The court had to determine whether the servitude area reserved by Berzack in her in her title deed, in her favour and in favour of her successors in title, subject to certain terms and conditions (which reservation essentially involved the extension by Berzack of her garden area into property now owned by Huntrex), was a praedial servitude or a personal servitude of usus. If the court decided that the servitude reserved was personal in nature, then its registration beyond the lifetime of the Berzack is  involving reservation of rights of access to use and enjoyment of a garden by Berzack and for her future successors in title, registered against the property of Huntrex, was a praedial servitude or a personal servitude of usus and, therefore, prohibited in terms of section 66 of the Deeds Registries Act 47 of 1937 (Deeds Registries Act).

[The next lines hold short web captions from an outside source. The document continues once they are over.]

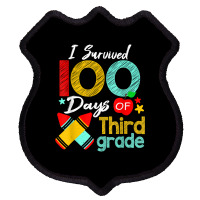 Colors Survived 100th Day Of 3rd Grade 100 Days Of School T Shirt Shield Patch | Artistshot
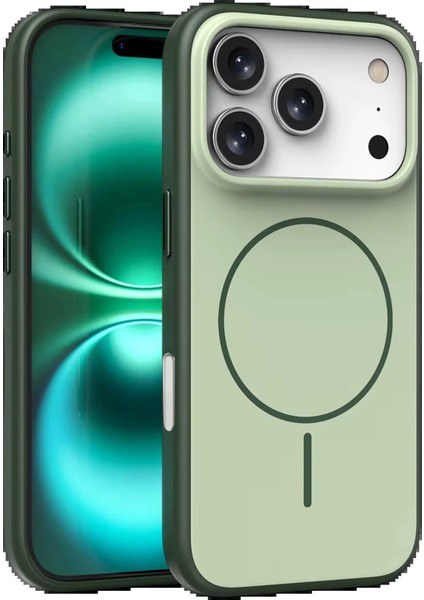 CPT05 Apple iPhone 17 Pro Neva Magsafe Kapak - Koyu Yeşil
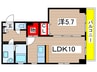 Ｊｕ・Ｊｕ 1LDKの間取り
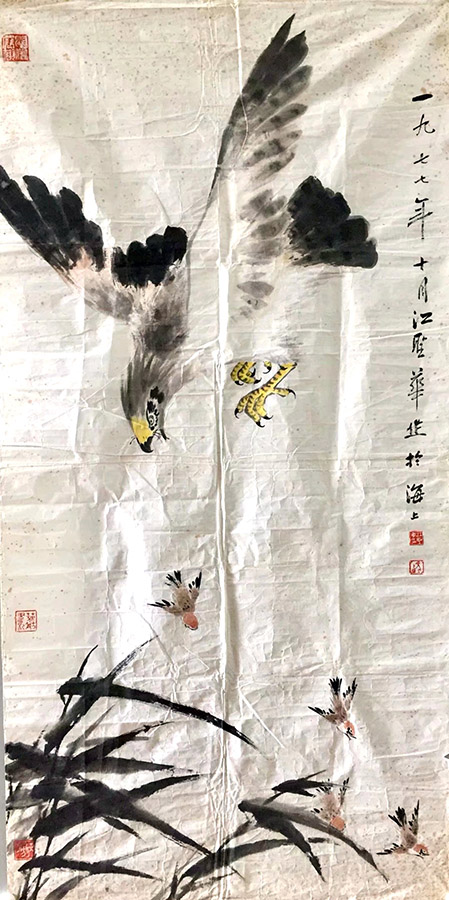 作者：江圣华&nbsp;花鸟 &nbsp;￥：协商&nbsp;单击鼠标查看大图！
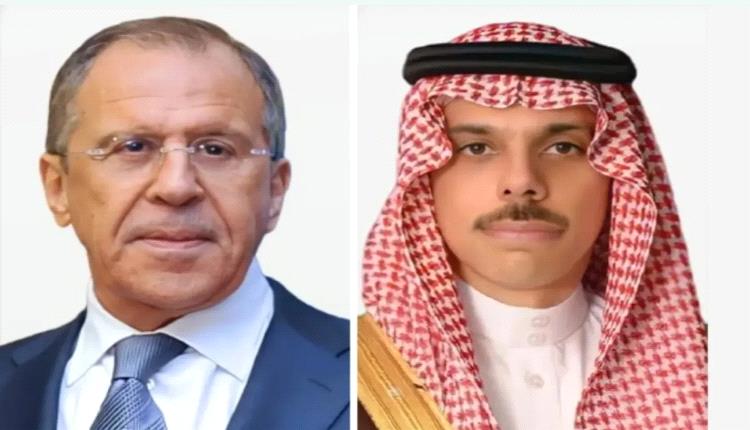 فيصل بن فرحان ولافروف يناقشان جهود تعزيز أمن المنطقة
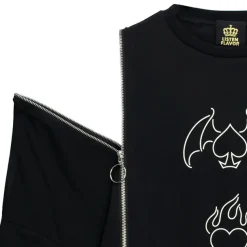 LISTEN FLAVOR The Magic Tramp Twin Zip Super BIG T-Shirt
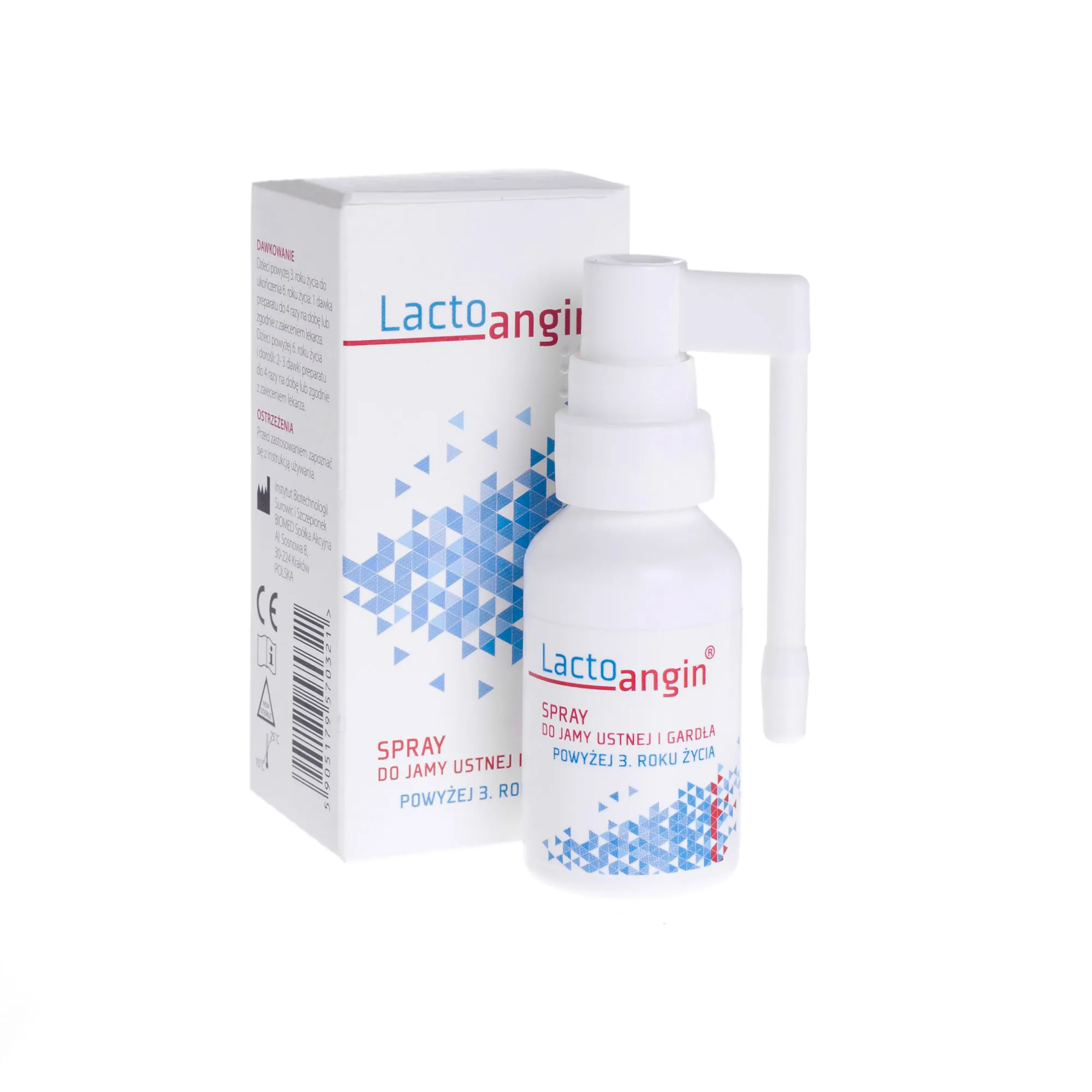 Lactoangin - spray do jamy ustnej i gardła, 30 g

 Praedial servitude v personal servitude

 The definitions of a praedial servitude and a personal servitude were best set out encompassed by the constitutional court in City of Tshwane v Link Africa (Pty) Ltd and Others where it provided that a praedial servitude involves two pieces of land. A praedial servitude provides a benefit to one piece of land, the dominant tenement (property), while imposing a burden over other land, the servient tenement (property). A praedial servitude attaches to the land and is perpetual (unless it is a temporary servitude or cancelled) in that it passes from one landowner to the next.  The court stated: “By contrast, a personal servitude is a real right that attaches to the burdened land, but it is also always connected to an individual. …… That right is non-transferable: it cannot be passed on to another.”

Brief background facts

Berzack, after taking ownership of a residential property in Constantia, Erf 380, in December 1970, created a garden westward of the house and to a point beyond which the property was unused and cordoned it off with a wooden fence. Berzack thereafter decided to subdivide her property, but the garden area fell within the other subdivided portion of the property. After the subdivision, the two erven were Erf 8478 and Erf 380. In 1983, the minimum Erf size of property in Constantia was 4000 square metres, and Berzack’s property was 4013 square metres. Had Berzack, at the time of subdivision, applied for the line of subdivision between Erf 8478 and the Remainder Erf 380 to be 20 metres to the west of its current eastern boundary, the subdivision would not have been approved in terms of Townships Ordinance No. 33/1934. The only legal way in which Berzack could retain use of the garden was to create a servitude area 20 metres wide over Erf 8478 in favour of Remainder Erf 380. In September 1983, Berzack sold the subdivided portion to Mr Wellens, subject to a praedial servitude that was duly endorsed and registered against the title deed. The subdivided portion was subsequently sold two more times before the property was transferred to the respondent, Huntrex. At no time prior to the transfer of the property to the respondent had there been any previous objections to the registration of the praedial servitude by the previous owners of the property.

High Court proceedings

The issue before the high court was whether the servitude contained in clause P of the title deed is praedial or personal in nature and, if it is a personal servitude, whether the wording of clause P is capable of being corrected so that it may be converted into a praedial servitude. The high court considered the elements of a praedial servitude, and having found that the element of utilitas was lacking, the high court came to the conclusion that clause P created a personal servitude of usus that could neither be rectified nor cured by acquisitive prescription due to the prohibition contained in section 66 of the Deeds Registries Act which prohibits personal servitudes from being registered beyond the life of the person/party in whose favour it was created. In reaching this erroneous conclusion, the high court ignored the servitude area created under condition P (a) and only dealt with the ancillary conditions under condition P (b), which the high court determined was a personal servitude in favour of Berzack.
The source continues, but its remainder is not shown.